◆ **EXERCISE PROMPT**
The output should be every line below, retyped exactly, with no images.

◆ **SOURCE MATERIAL**
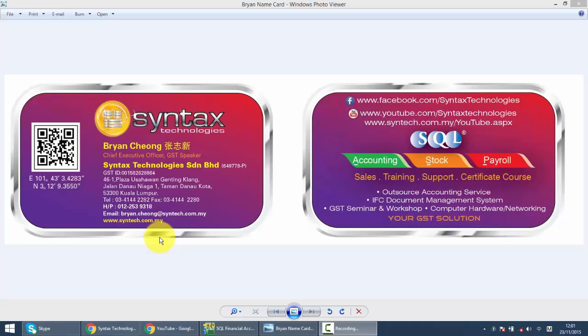Hi, I'm Brian from Syntax Technologies. You can contact me with this information. We will continue with our SQL accounting system training, and in today's lesson I'll talk about GST for deposit.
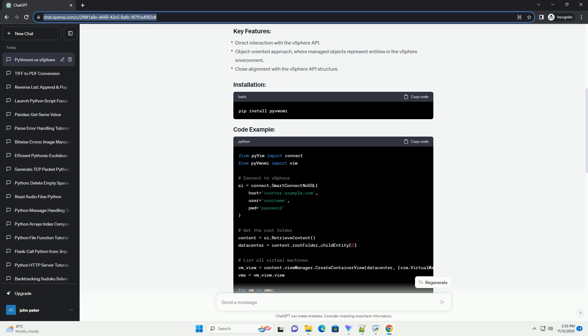PyVMOMI is a Python SDK for the VMware vSphere API that allows developers to interact with vSphere infrastructure using Python. It provides a set of Python bindings to the vSphere API and enables you to perform tasks like creating virtual machines, managing clusters, and more.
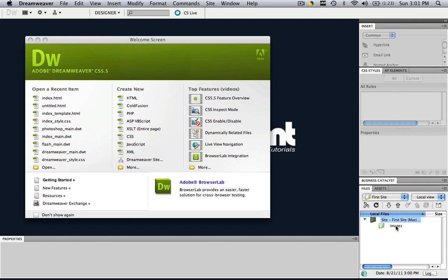So if you did that last part I was talking about with the server, all you would have to do is click put files right here and if you had that username and password, it would immediately put the entire site onto the internet just from clicking this up arrow.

◆ **TASK OUTPUT**
Hi, I'm Brian from Syntax Technologies. You can contact me with this information. We will continue with our SQL accounting system training, and in today's lesson I'll talk about GST for deposit.
PyVMOMI is a Python SDK for the VMware vSphere API that allows developers to interact with vSphere infrastructure using Python. It provides a set of Python bindings to the vSphere API and enables you to perform tasks like creating virtual machines, managing clusters, and more.
So if you did that last part I was talking about with the server, all you would have to do is click put files right here and if you had that username and password, it would immediately put the entire site onto the internet just from clicking this up arrow.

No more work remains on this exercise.